DATASET EXCERPTS |
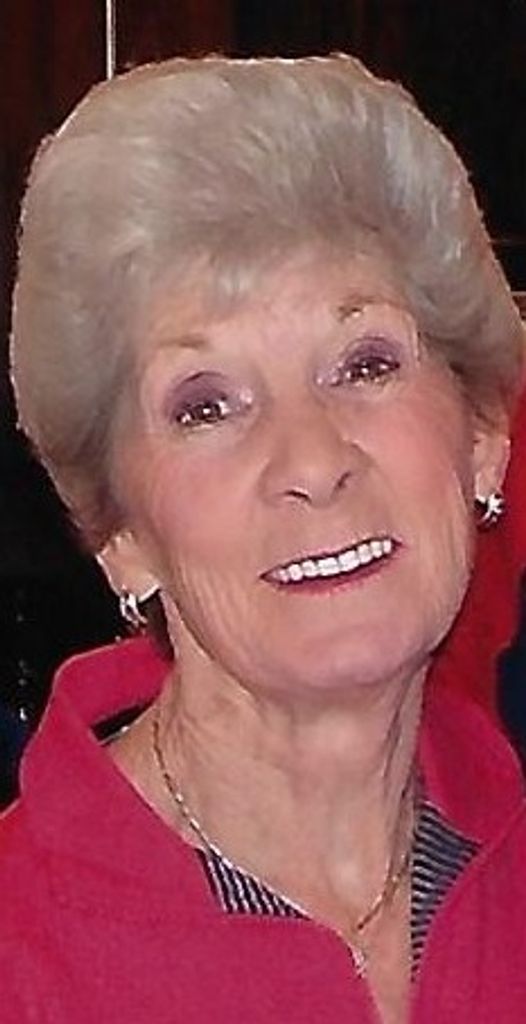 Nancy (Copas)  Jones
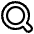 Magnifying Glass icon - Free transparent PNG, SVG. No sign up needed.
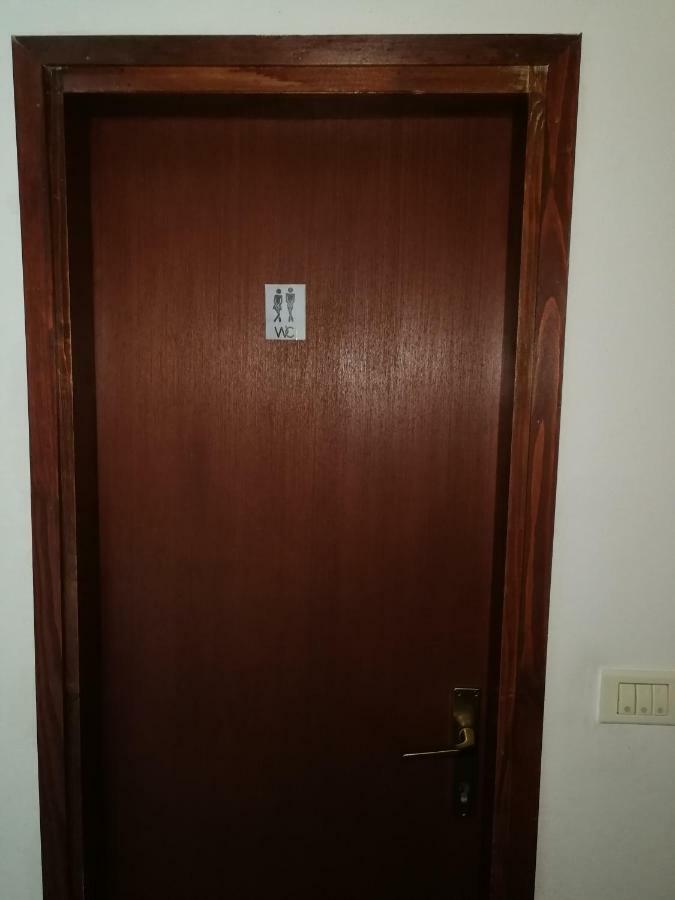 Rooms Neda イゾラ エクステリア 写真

--

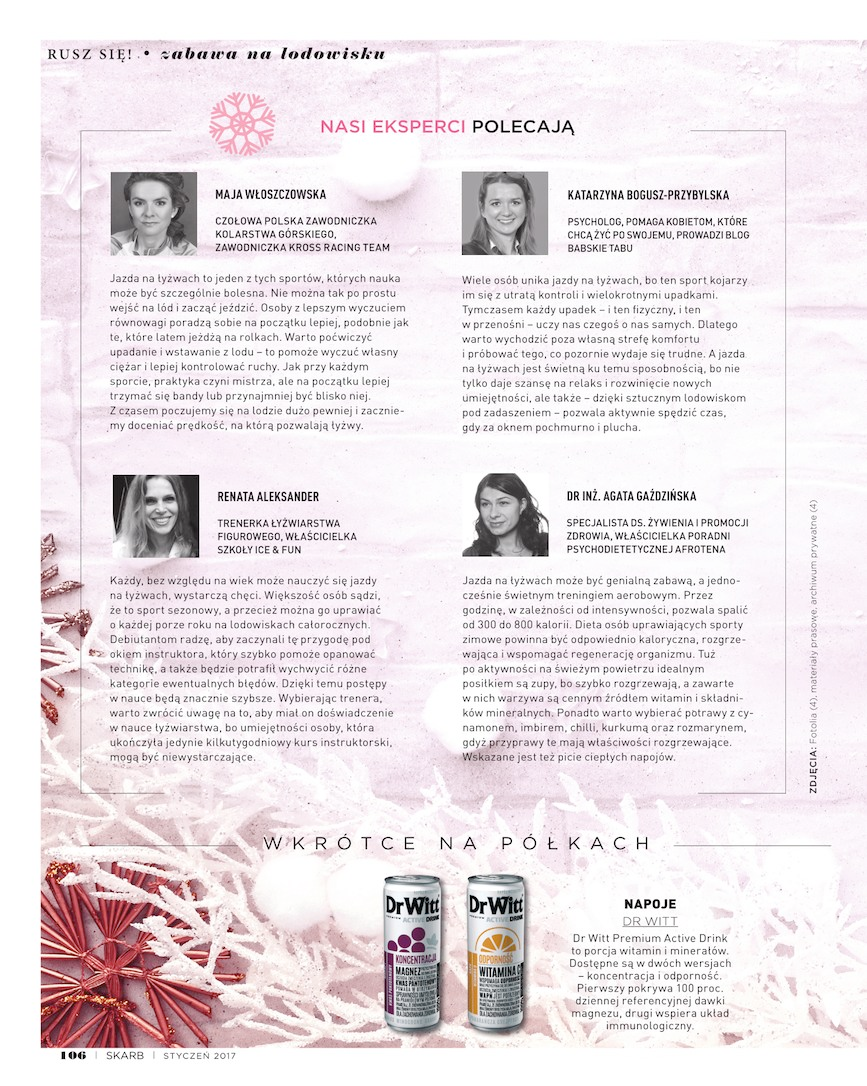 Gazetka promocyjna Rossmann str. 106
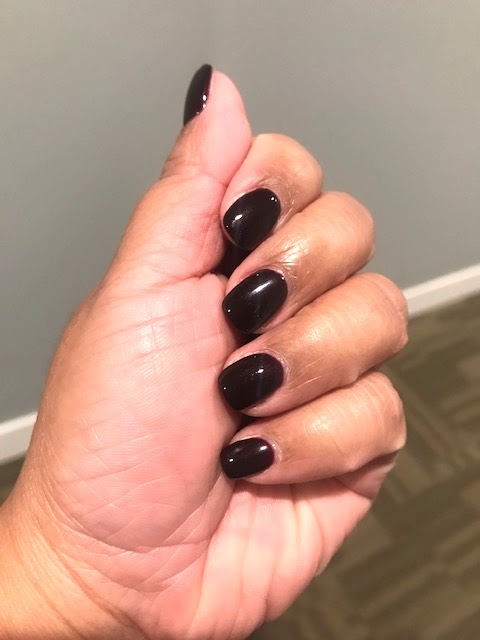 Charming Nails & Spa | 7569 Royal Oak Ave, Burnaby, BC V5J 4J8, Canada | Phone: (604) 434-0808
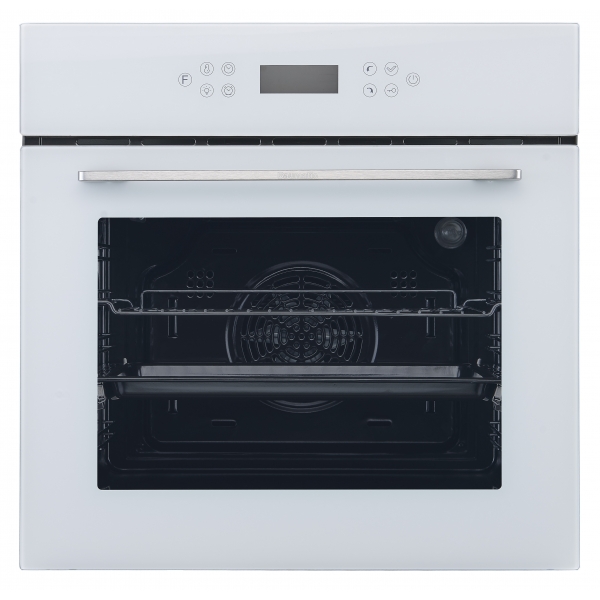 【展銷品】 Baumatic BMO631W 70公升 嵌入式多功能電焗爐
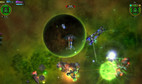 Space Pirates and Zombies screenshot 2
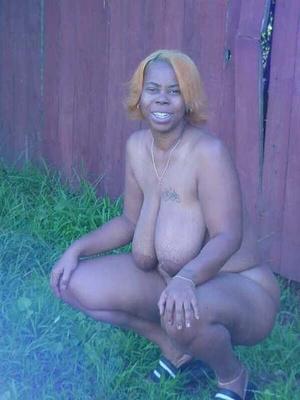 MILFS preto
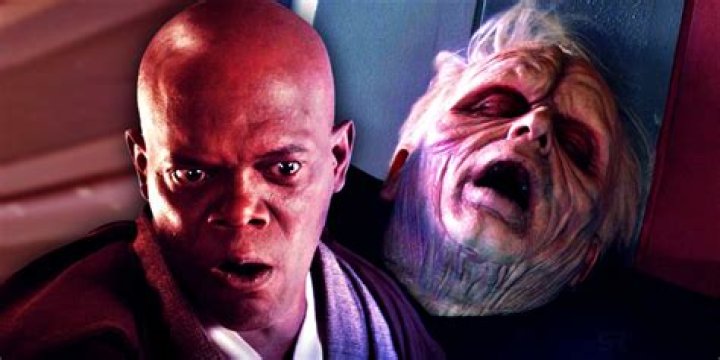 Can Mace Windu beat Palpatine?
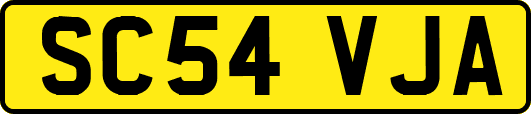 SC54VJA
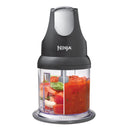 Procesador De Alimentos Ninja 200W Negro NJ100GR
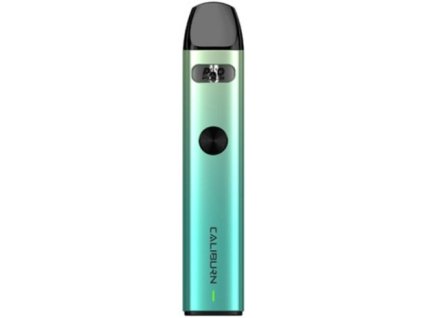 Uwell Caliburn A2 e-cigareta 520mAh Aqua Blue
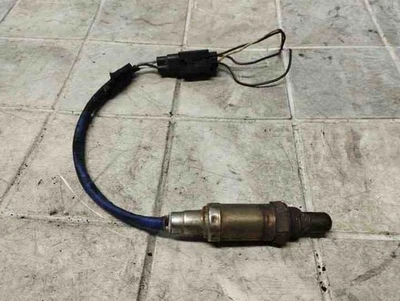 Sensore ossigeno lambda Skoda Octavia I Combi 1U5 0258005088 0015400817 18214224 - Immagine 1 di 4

EXERCISE DETAILS |
Copy word for word the lines above, starting at the line containing "Magnifying Glass icon" and ending at the line containing "Rooms Neda イゾラ エクステリア 写真", inclusive, with no pictures.

WRITTEN SOLUTION |
 Magnifying Glass icon - Free transparent PNG, SVG. No sign up needed.
 Rooms Neda イゾラ エクステリア 写真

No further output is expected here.